THE launch yesterday of the latest National Drugs Strategy represents the first serious attempt by an Irish government to take illegal drug use away from the criminal justice system and treat it as a health issue. It is also the first time that alcohol has been included as part of the strategy.
That’s the good news. The not-so-good news is that it took a last-minute flurry of negotiations before the Government was able to persuade community groups to come on board with the strategy.
Those groups secured late concessions regarding effective implementation structures and actions to tackle alcohol abuse, intimidation, and youth disadvantage.
But the underlying issue remains one of credibility. How can a government that slashed funding for drug projects be trusted to put sufficient resources to operate the new strategy effectively?
Yesterday’s 106-page report contains more than 50 recommendations for dealing with both drug and alcohol use in
Ireland but it has yet to be costed and, as community groups have found in the past, well-meaning plans are all very well but they are next to useless unless the money is their to put them into practice.
Considering the social implications of drug abuse — alcohol included — it is worth noting practices elsewhere and to learn lessons from countries that got their strategies right and those that didn’t. The Netherlands got it wrong, while Portugal appears to have got it right.
There is a misconception that it is perfectly legal for people to take drugs for personal use throughout the Netherlands. Despite the so-called ‘coffee shops’ in the capital Amsterdam, the Dutch have never actually legalised the cannabis trade. They simply do not enforce their criminal laws against the shops, provided they abide by certain strict rules.

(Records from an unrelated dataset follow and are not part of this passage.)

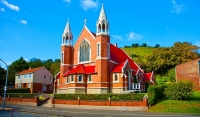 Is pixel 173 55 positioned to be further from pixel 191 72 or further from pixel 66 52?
pixel 66 52

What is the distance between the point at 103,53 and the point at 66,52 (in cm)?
1058

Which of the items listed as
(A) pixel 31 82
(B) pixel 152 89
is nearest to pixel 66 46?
(A) pixel 31 82

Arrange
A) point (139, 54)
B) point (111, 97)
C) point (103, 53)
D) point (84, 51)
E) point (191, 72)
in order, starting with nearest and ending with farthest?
point (111, 97), point (103, 53), point (191, 72), point (84, 51), point (139, 54)

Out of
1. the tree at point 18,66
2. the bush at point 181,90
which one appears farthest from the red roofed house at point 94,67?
the tree at point 18,66

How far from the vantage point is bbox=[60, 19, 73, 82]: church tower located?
4488 cm

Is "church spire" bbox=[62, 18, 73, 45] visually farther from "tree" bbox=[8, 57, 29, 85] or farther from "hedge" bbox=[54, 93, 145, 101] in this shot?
"tree" bbox=[8, 57, 29, 85]

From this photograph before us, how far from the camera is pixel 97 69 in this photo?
38.9 metres

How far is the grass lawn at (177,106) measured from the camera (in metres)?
24.8

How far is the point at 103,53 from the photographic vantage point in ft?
127

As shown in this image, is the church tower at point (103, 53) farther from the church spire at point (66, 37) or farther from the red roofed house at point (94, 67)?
the church spire at point (66, 37)

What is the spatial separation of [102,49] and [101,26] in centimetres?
480

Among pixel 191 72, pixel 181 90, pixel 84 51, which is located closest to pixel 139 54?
pixel 191 72

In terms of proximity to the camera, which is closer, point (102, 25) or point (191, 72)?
point (102, 25)

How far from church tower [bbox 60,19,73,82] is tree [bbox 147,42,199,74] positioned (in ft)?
95.5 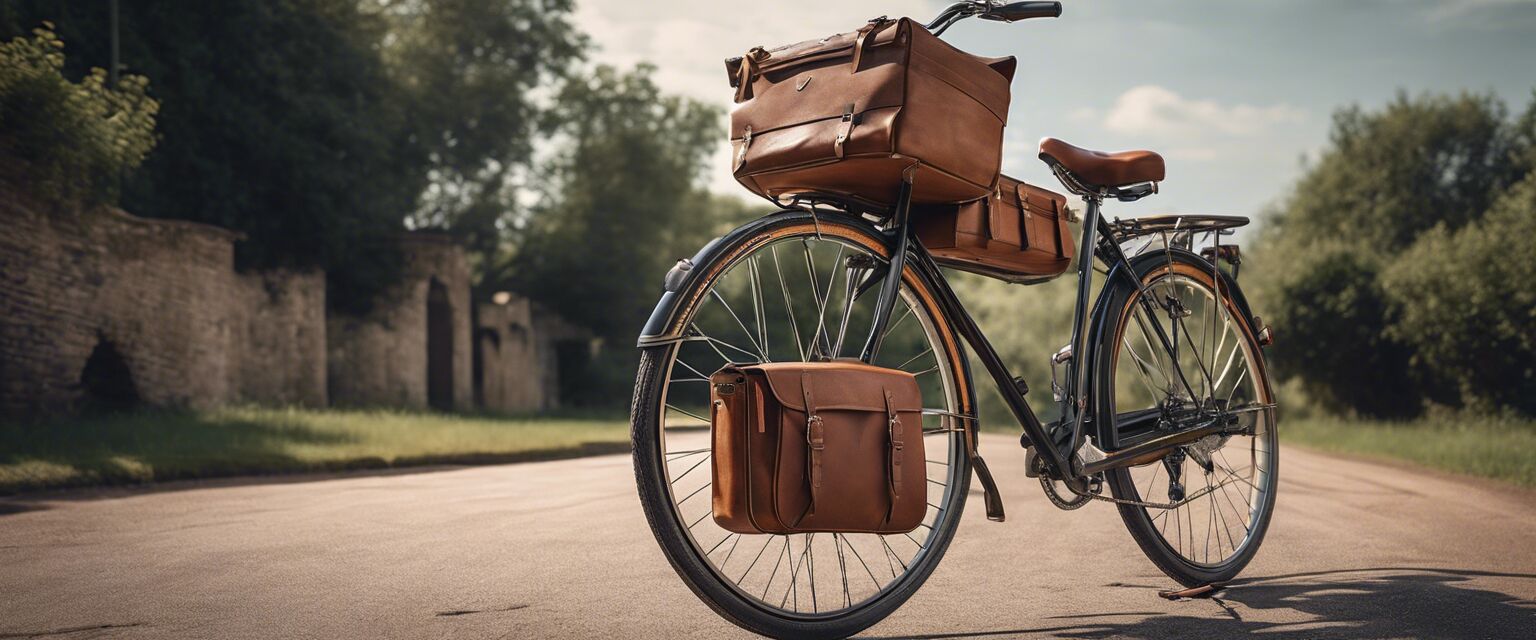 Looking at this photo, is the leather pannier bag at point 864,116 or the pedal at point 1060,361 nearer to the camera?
the leather pannier bag at point 864,116

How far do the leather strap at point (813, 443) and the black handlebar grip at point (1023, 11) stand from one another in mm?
1327

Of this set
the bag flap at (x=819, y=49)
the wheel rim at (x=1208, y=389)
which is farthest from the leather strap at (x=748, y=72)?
the wheel rim at (x=1208, y=389)

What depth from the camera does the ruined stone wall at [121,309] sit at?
14898mm

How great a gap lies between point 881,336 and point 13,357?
1445 centimetres

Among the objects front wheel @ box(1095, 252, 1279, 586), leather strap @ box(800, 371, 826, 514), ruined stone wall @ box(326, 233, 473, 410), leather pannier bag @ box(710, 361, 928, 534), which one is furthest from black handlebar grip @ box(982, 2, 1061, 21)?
ruined stone wall @ box(326, 233, 473, 410)

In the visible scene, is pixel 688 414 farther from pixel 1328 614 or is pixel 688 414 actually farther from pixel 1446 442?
pixel 1446 442

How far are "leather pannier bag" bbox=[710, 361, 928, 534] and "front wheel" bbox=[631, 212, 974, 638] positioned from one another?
9 centimetres

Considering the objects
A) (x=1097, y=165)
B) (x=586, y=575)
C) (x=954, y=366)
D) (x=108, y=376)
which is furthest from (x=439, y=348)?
(x=954, y=366)

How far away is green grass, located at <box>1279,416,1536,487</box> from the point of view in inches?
472

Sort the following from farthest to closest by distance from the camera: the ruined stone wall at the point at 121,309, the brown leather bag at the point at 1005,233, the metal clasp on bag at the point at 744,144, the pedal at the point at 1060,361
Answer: the ruined stone wall at the point at 121,309 → the pedal at the point at 1060,361 → the brown leather bag at the point at 1005,233 → the metal clasp on bag at the point at 744,144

Drug laws in Holland are as opaque as the marijuana
haze-filled coffee shops, and many of those are now closing as the Dutch authorities usher in a stricter regime.
Portugal was the first European country in 2001 to openly decriminalise the taking of small amounts of drugs for
personal use, replacing court fines or jail with the offer of therapy. Those found in possession of small amounts of drugs are sent to a panel consisting of a psychologist, social worker and legal adviser for appropriate treatment, which may be refused without criminal conviction or other form of punishment.
Unlike the Dutch model, the Portuguese approach was well thought out, deliberate, and costed. Surveys have shown that, since then, illegal drug use among teenagers in Portugal has declined and rates of new HIV infections caused by sharing of dirty needles dropped, while the number of people seeking treatment for drug addiction has more than doubled.
For social reasons as well as value-for-money reasons, the Government should look to the Portuguese experience. The fear of prison drives addicts into the criminal underworld and, as the Portuguese have shown for the past 16 years, it is far cheaper to treat drug users than to jail them.